Tom Brady shares his side of beef with Chris Jones in Patriots-Chiefs

Chris Jones' respect for Tom Brady didn't stop him from getting all up in his grill Sunday.

The Chiefs defensive lineman had a heated exchange with the Patriots quarterback late in the second half after Kansas City's defense forced a New England incompletion on third down. (You can watch the exchange here.)

Jones later said he was trying to make Brady uncomfortable by getting into with the GOAT.

So, how did Brady feel about Jones' tactics?

"We were going at it for a little bit.

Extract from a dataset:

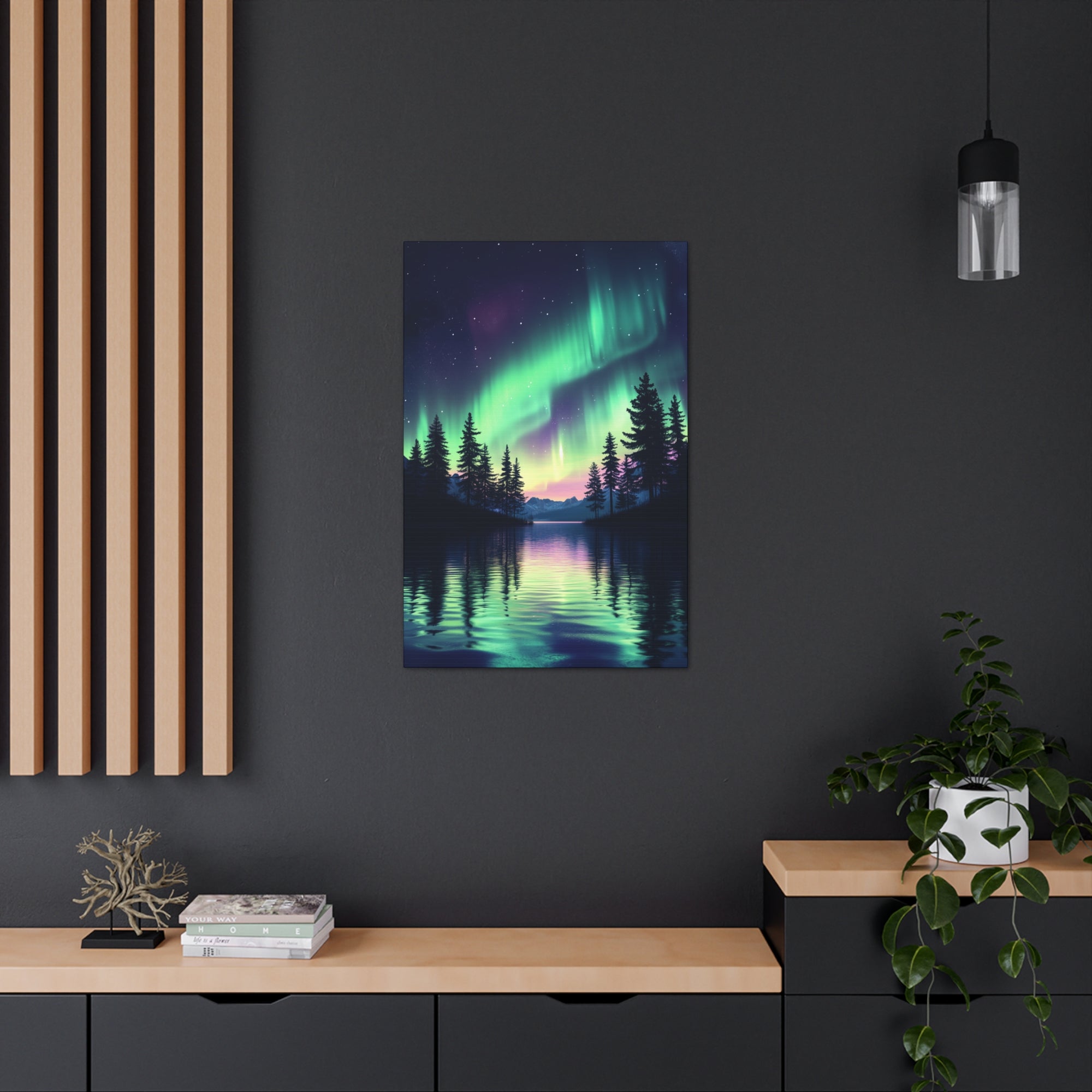 Northern Lights Wonder Canvas Wall Art - SynthFrame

He was pretty talkative out there, so I think there's a healthy rivalry," Brady told WEEI's "The Greg Hill Show" on Monday.

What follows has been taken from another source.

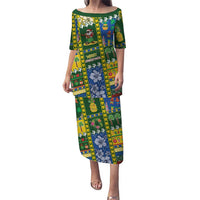 Solomon Islands Christmas Family Matching Puletasi and Hawaiian Shirt Festive Beach Vibes LT05 Mom's Dress Green - Polynesian Pride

Brady wouldn't reveal what Jones said to him -- "definitely nothing that I can really repeat" -- but admitted he took Jones' bait by engaging with the boisterous defensive lineman.

"I typically don't try to make the d-linemen any more angry than they probably already are with me, because they're the ones that get paid to hit me," Brady joked. "So, I don't really give them any incentive typically, but I couldn't really resist at certain points."

Perhaps Brady's back-and-forth with Jones was his way of venting his frustration with the Patriots' offense, which is averaging just 17.6 points per game over its last five contests and looked anemic in Sunday's 23-16 loss to Kansas City.

Jones played some role in New England's struggles, recording a sack, a tackle-for-loss and a QB hit on Brady. But the 42-year-old quarterback believes the Patriots' offense has plenty of room for improvement, regardless of what defense it faces.

"I wish there was one magic thing that you could do and it would just change everything, but there's not," Brady said. "It really comes down to all of us, 11 as a unit, executing well."